八ヶ岳西面クライミング 2010/2/11-13

アルパイン(雪山)

●11日(祝) 曇り後雨
諏訪南IC付近のコンビニで他会と合流。
福岡のピナクル山の会と大分の豊稜会が九州から車をぶっ飛ばしてきた。
片道10時間のドライブだが、5名で1人2時間の運転。我々は東京から2時間で来たので同じ計算だとか。
ちなみに今回の費用は往復交通費+共同食+ガス等で一人あたり8,900円。安いっ!!
この日は行者小屋にBCを張った頃から、雨が降り出し、中岳クーロアール、阿弥陀岳北稜とも中止。
長距離移動だったので、ちょうど良かったかも。早々に交流宴会に突入。
夜中12時頃までは雨だった模様。

●12日(金) 曇り後雪
【小同心右稜‐小同心クラック継続】 ★中退
A久‐S津(ぶなの会) T中-K島(ピナクル山の会)
6時BC発 ‐ 12:30小同心クラック基部 ‐ 14:00懸垂開始 ‐ 大同心稜下降 ‐ 18:00 行者帰着

小同心ルンゼに入って直ぐに左側の尾根(小同心右稜)へ上がりこむ。
スギ林を越え、2550m地点でロープを出す。

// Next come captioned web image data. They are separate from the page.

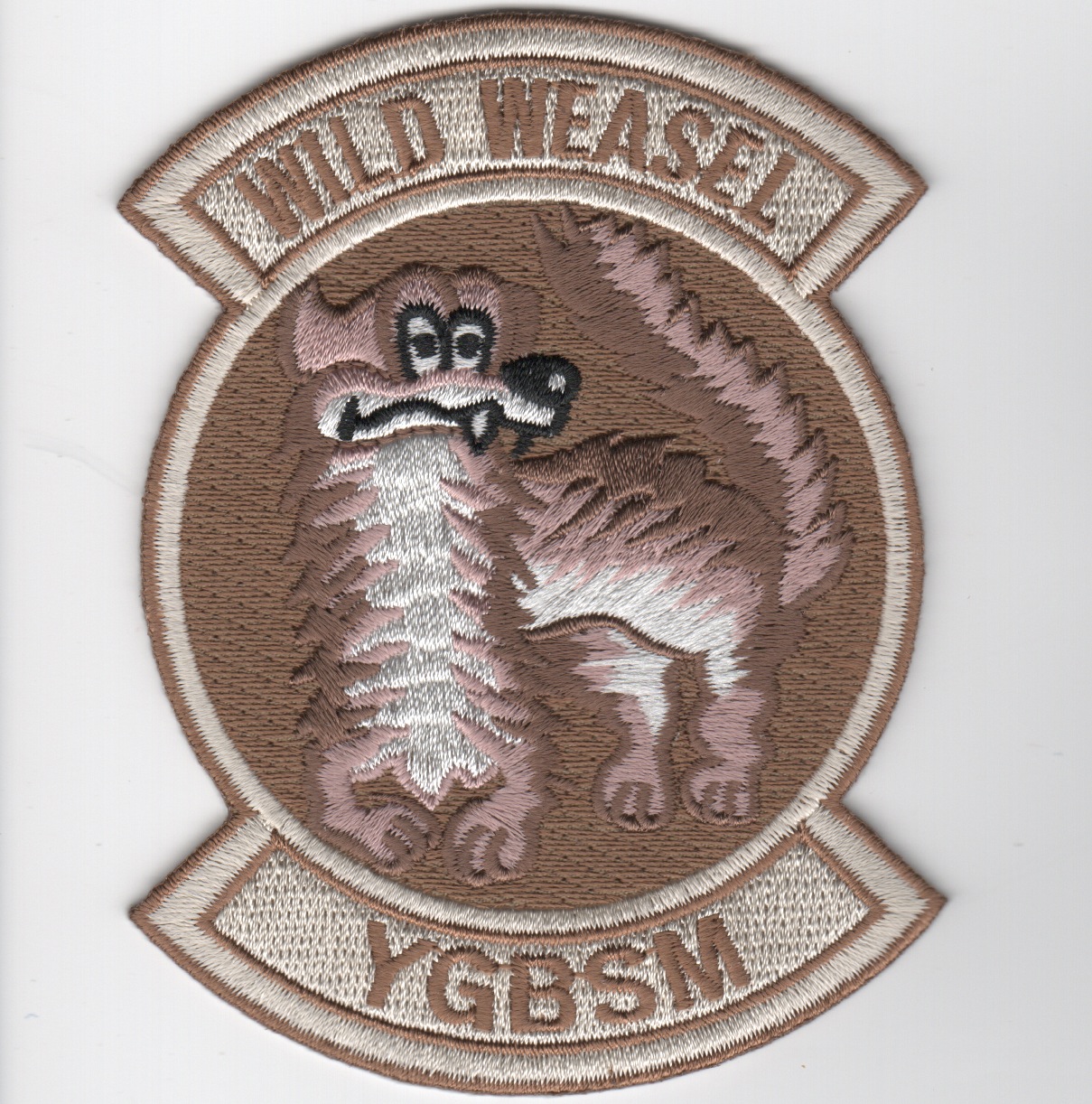 Wild Weasel 'YGBSM' (Des/Velcro)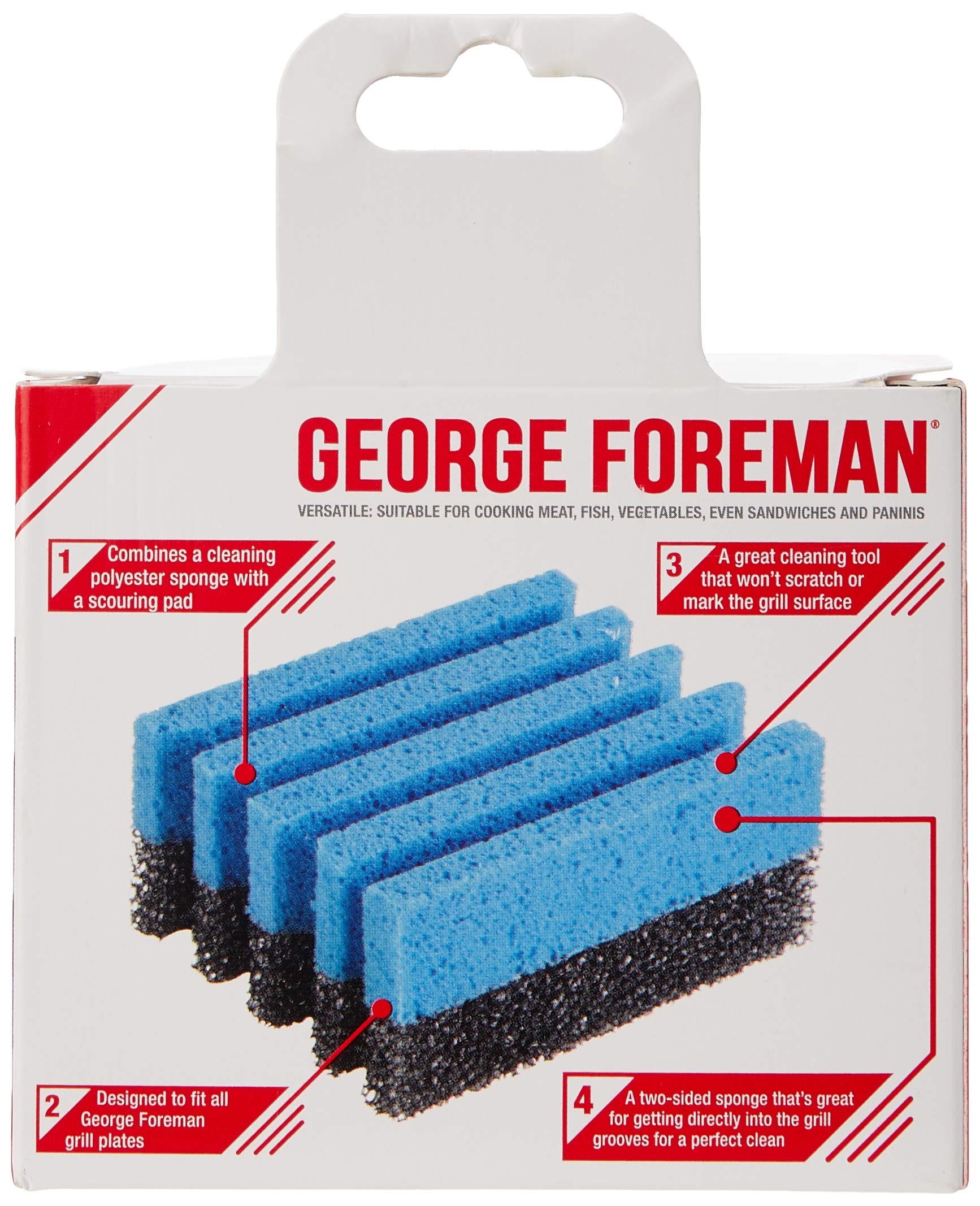 Foto 5 pulgar | Esponja Limpiadora George Foreman 12207 Azul  Paquete De 2 - Venta Internacional.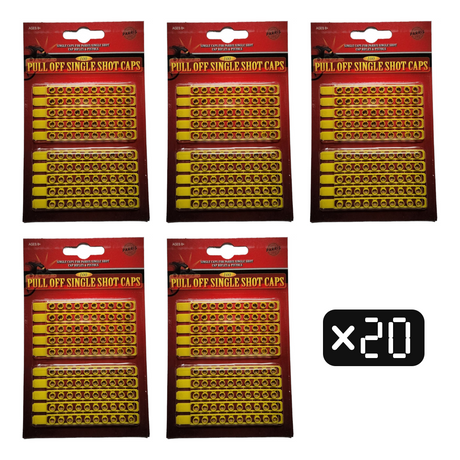 Single Shot Caps 20-Pack — 2,000 Shots | 917 | Parris Toys bundle collage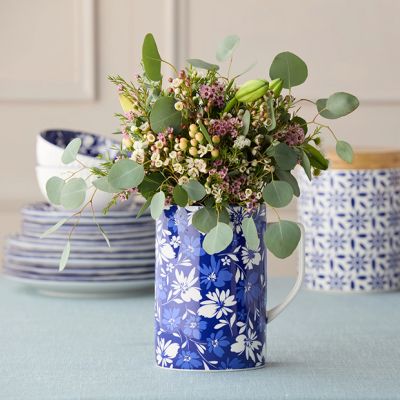 Blue Blossom Porcelain Pitcher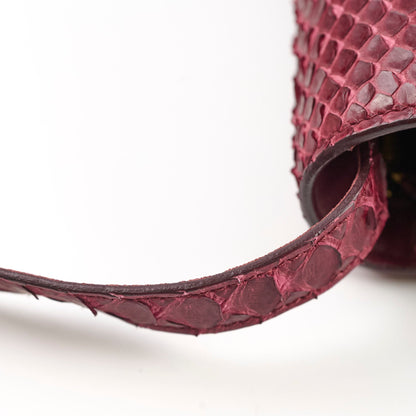 Celine Python Medium Classic Box Burgundy - photo 15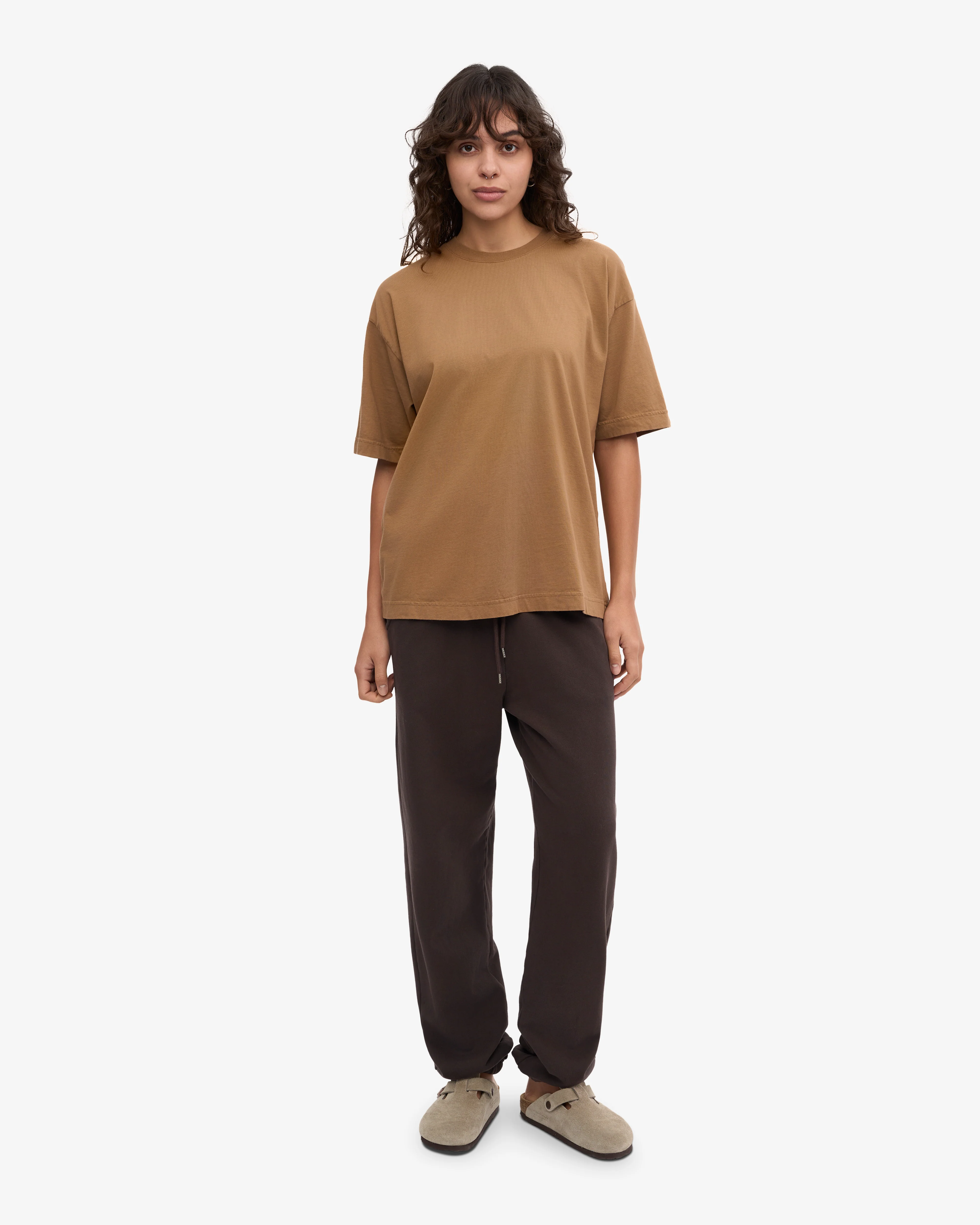 Oversized Organic T-Shirt - Sahara Camel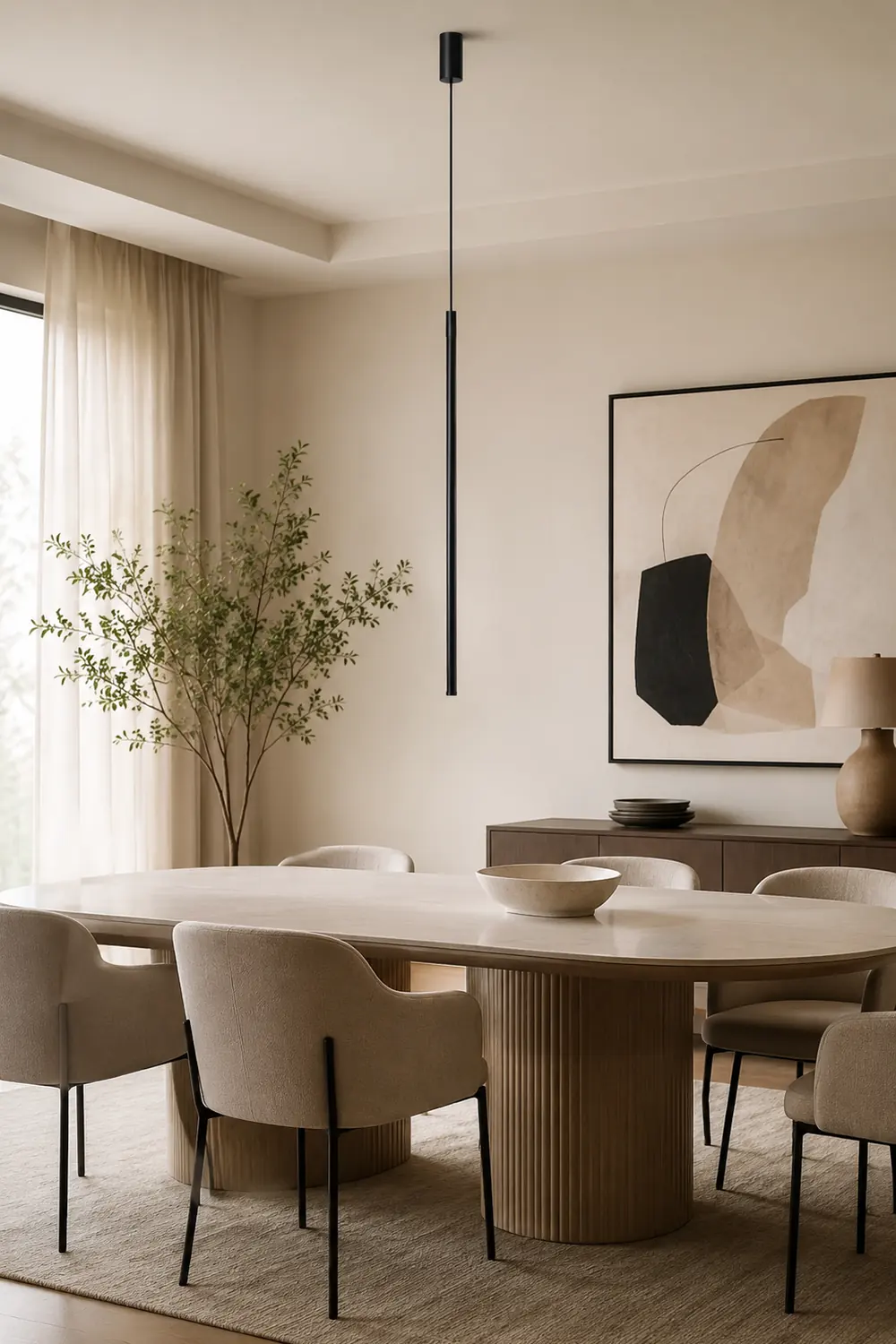 Tubular Linear Pendant Light - Lumpaz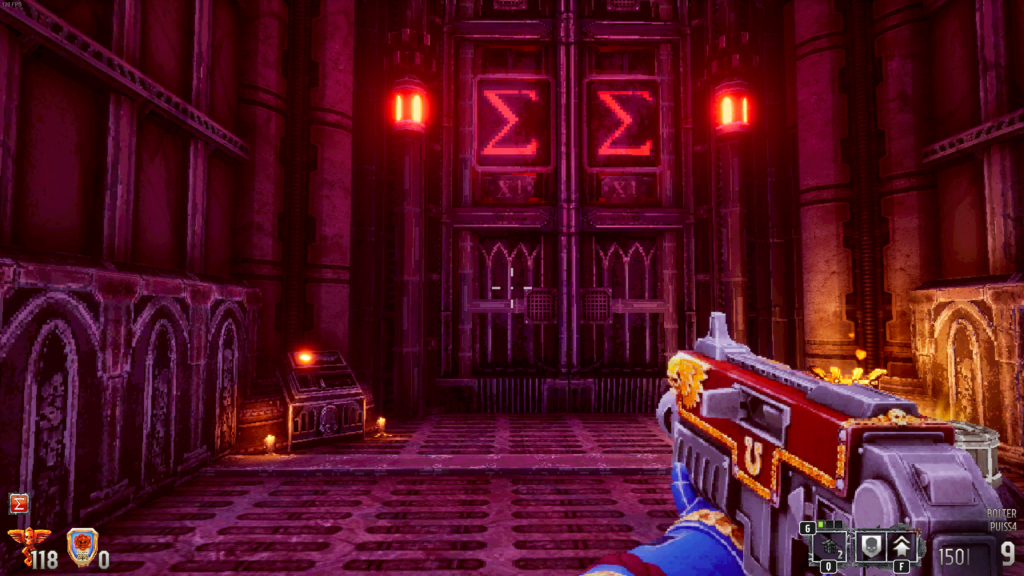 Warhammer 40'000: Boltgun porte rouge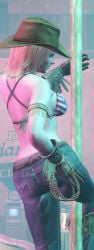 1girls 3d 3dcg american_flag_bikini_top artist_request ass ass_focus blonde-haired_female blonde_hair cropped crossover dead_or_alive disinterested emotionless emotionless_female expressionless female_focus female_only game_cg grand_theft_auto grand_theft_auto_iv highres indifferent jeans mature_woman rockstar_editor short-haired_female strip_club stripper stripper_pole tight_jeans tina_armstrong unbothered uncaring uncaring_female uninterested uninterested_female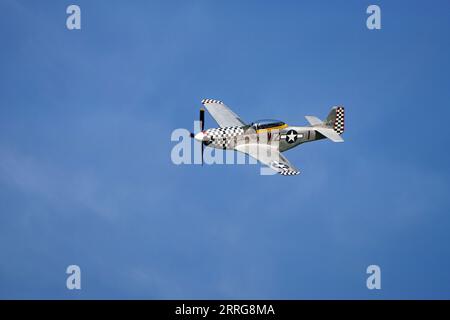 North America P-51 Mustang zeigt auf der Cosby Victory Show 2023 Stockfoto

岩稜+雪壁で2ピッチ。
その後の雪稜部はノーザイル。再度岩稜が現れ2ピッチで小同心基部にぶつかる。
モナカ雪の腰ラッセルに苦戦し、アプローチに6時間かかってしまう。
※このルートは初心者を連れた訓練にはちょうどよさそうでした。

小同心クラックはホールド、スタンスが豊富と聞いていたが、全て氷と雪に覆われ厳しい登りとなる。
ぶなの会Pが先に取り付かせてもらい、1ピッチ終了時点で14時。
終了点が目前だったけど、4人全員が抜ける事を考えるとタイムアウト。
懸垂で基部に戻り、大同心稜経由で帰着。12時間行動。

【石尊稜】
M田-S本-I丸(豊稜会+ピナクル)
6:00BC発-14:00 行者帰着

前日の雨のせいか下部岩壁、上部岩壁ともベルグラが張りつめ、
プロテクションも見つからず困難なクライミングを強いられた模様。
雪稜部は小同心右稜とは打って変わりほとんどラッセルなしだったとの事。

●13日(土) 晴れのち雪
【赤岳主稜】
S本-T中(豊嶺会+ピナクル)
6:00BC発-7:30取りつき-11:30赤岳頂上

一番乗りで取り付く。前日の石尊稜のイメージでかなり緊張して取り付いたが、
実際は雪の付き方が良かったようで、サクサク快適なクライミングだったとの事。

【ショルダーリッジ右】 ★転進
M田-K島-S津(豊嶺会+ピナクル+ぶな)

7:30ショルダー取り付き-赤岳主稜へ転進-赤岳頂上
取り付きは昨年私が取り付いたチムニーを目指したが、氷化して上がり込める状況で無かったとの事。
無理せず赤岳主稜へ転進し、問題なく完登。

【ショルダーリッジ左】 ★★ヒヤリハット有り
A久-I丸(ぶな+ピナクル)
7:30取り付き-12:20ショルダー

アプローチは文三郎道の途中から赤岳沢へ下りトラバース。
雨の後に雪が降ったので、雪崩を警戒していたが、実際はクラストしていて全く問題なしだった。
リッジ末端から潅木帯脇の雪壁を登ると、登山道からも見える大きな岩壁基部にぶつかる。
ショルダー左は雪壁と岩稜が2~3ピッチ毎に交互に現れ変化があって楽しい。
岩稜のセクションは痩せたリッジが続くが、残地ピンは皆無なのでプロテクションは全てピナクルでとる。
自分でルーファイし左右にリッジを乗り越えながら進む。
最後、右ルートと合流したあたりから傾斜は緩み、凍りついた小ピークを乗っ越すと縦走路にひょっこり飛び出して終了。
岩は痩せたリッジが続き高度感もあるが難しい所でも3級程度で、ショルダー右に比べると易しい。
今回は風が強くて飛ばされそうでしたが、登攀中は3日間で唯一の好展望を楽しめました。

【ヒヤリハット報告】事故未遂
リードで岩場のトラバース中に滑落し7~10m落ちてしまいました。
ランナウトは3m程度でしたが、50mほとんど一杯延ばしていた為、墜落距離が伸びました。

怪我:なし
状況:大きなピナクルがありピッチを切れる場所であったが、急傾斜かつ強風の通り道でピッチを切るには不快と判断。先を見ようとトラバースした際に滑落。
シュリンゲが残り少なかった為、そのピナクルにはランナーをとらなかった。
原因:雪の斜面に薄く雪が載っただけのスラブが隠れていた。一歩前までは雪が安定しており不安なく歩けたので油断した。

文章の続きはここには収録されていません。